Valmara 69 or V-69 is an Italian bounding anti-personnel mine manufactured by Valsella. The mine was developed from the V-59 mine, and although the mine is no longer produced in Italy, a number of copies were produced in other countries e.g. the all-plastic anti-metal detection "SPM-1" manufactured by Singapore.

The South African version was called the J-69, and was an identical copy of the Italian version. A single centre prong version was also produced. It is no longer produced by South Africa who are compliant with the Mine Ban Treaty requirements.

==Description==
The mine has a short tubular olive green or sand colored plastic body inside which is the steel bounding body of the mine. On top of the mine is a round fuze cap with five prongs. The mine is triggered when the fuze cap tilts, either because of pressure on one of the prongs or a pull on an attached tripwire. The tilting fuze mechanism is not affected by overpressure. When the mine is triggered, a spring-loaded firing pin fires a percussion cap inside the fuze, which ignites a propelling charge at the base of the mine. The propellant charge launches the mine up out of the ground and into the air.

When the mine reaches a height of approximately 50 cm above ground, which takes less than one second, an integral tether wire (connecting it to the plastic body from which it was launched) tugs on a spring-loaded firing pin in the body of the mine, which detonates the main explosive charge. Embedded in a plastic fragmentation sleeve surrounding the main explosive charge are approximately 1,000 pre-cut steel fragments, which are projected at high velocity in all directions. The mine has a lethal radius of 25 m, but the fragments remain dangerous at a considerable distance beyond that, e.g. can inflict deeply penetrating eye wounds.

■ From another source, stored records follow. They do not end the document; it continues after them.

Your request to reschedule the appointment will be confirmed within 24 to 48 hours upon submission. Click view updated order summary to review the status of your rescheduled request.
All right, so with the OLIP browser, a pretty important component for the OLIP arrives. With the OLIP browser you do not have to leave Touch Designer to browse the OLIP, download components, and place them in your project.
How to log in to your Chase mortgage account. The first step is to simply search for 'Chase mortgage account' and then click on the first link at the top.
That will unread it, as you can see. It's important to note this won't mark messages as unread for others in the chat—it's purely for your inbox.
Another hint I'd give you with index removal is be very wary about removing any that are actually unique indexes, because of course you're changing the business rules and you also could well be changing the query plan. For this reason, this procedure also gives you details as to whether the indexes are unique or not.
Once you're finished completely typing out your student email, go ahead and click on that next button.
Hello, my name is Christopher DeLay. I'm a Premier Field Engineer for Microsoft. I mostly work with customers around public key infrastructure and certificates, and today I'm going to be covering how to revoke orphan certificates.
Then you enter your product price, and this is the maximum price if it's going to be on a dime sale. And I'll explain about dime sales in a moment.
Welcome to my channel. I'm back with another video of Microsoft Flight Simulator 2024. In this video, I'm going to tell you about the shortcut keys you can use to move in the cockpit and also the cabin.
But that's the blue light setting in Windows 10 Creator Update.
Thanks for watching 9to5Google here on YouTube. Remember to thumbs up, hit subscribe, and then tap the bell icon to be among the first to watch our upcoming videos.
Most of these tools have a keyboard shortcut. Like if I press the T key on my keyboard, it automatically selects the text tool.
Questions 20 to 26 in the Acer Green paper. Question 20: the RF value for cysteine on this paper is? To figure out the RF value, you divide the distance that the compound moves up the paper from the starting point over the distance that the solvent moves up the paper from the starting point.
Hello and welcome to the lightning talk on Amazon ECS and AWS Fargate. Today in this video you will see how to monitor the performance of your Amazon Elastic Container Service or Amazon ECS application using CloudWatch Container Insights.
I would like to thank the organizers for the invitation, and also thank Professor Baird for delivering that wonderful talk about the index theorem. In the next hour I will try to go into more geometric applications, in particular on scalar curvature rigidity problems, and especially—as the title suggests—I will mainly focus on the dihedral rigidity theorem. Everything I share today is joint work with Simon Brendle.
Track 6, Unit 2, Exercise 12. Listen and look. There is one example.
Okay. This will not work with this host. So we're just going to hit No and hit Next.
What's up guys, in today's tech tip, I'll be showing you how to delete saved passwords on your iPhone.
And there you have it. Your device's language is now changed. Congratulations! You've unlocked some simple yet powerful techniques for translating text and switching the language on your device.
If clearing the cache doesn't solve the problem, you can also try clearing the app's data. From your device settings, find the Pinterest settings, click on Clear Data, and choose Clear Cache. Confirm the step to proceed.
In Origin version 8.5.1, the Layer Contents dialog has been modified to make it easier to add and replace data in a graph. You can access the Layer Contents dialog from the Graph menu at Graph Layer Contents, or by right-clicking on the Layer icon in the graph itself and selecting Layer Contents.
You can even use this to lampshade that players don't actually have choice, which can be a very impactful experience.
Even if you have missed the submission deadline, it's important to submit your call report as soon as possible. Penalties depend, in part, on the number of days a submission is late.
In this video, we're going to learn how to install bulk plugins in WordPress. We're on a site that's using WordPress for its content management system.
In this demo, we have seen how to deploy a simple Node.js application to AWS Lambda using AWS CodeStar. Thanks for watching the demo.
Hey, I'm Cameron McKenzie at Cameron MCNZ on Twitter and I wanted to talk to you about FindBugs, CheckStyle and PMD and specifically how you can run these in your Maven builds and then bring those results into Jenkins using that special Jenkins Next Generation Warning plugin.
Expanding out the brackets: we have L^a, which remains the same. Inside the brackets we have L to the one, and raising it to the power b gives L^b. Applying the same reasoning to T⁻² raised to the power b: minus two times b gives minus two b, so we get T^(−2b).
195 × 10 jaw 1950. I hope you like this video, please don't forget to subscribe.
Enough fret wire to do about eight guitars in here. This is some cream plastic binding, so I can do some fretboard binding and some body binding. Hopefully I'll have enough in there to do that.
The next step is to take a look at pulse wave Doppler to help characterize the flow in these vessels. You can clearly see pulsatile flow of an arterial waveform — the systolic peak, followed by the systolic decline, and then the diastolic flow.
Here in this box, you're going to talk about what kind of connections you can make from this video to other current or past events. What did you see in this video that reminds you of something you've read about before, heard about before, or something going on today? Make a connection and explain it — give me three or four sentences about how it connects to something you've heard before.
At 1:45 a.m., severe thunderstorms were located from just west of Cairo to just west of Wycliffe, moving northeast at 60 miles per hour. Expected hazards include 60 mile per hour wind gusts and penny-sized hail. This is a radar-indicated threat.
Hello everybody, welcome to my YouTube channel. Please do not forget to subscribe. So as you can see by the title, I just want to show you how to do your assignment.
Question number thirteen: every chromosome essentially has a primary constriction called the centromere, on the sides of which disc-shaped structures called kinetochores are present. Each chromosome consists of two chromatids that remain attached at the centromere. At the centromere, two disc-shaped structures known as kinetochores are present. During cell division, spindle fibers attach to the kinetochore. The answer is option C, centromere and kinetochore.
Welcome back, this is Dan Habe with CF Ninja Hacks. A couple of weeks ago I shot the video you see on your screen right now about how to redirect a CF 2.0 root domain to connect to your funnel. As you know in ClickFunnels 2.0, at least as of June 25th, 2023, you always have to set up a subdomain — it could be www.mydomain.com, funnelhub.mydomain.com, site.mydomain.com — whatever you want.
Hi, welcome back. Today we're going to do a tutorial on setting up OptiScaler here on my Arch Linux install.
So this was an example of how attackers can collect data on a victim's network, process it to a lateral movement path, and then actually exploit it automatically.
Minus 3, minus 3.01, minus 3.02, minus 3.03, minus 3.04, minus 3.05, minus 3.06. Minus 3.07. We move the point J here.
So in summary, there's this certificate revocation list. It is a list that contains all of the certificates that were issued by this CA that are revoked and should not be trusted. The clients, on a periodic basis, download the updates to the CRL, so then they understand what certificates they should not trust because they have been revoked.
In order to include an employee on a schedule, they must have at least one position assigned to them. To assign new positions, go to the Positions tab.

This mine has significant metal content, which makes it easy to find using a metal detector. However, like the majority of bounding mines, most of the Valmara 69 is hidden underground and may be difficult to see, particularly in heavy undergrowth. Additionally, the Valmara 69 may be laid along with minimum metal mines such as the VS-50, VS MK2, TS-50, SB-33 and SB-81, which complicates the clearance process.

Valsella also manufactured a completely separate electronic anti-handling device known as the VS-AR. This was a tilt-operated device, specifically designed to be fitted to any of the following Valsella products: the VS-50 (standard version, not the VS-50AR) and Valmara 69 anti-personnel mines, as well as the VS-1.6 and VS-1.2 anti-tank mines. The VS-AR4 has a series of fuze adaptors which allow it to be screwed into the bottom of any of those mines. It has a 10-minute mechanical arming delay (started by removing a pin) followed by a 30-minute electronic arming delay. The power source are two 1.5 V batteries and the operational life is longer than a year.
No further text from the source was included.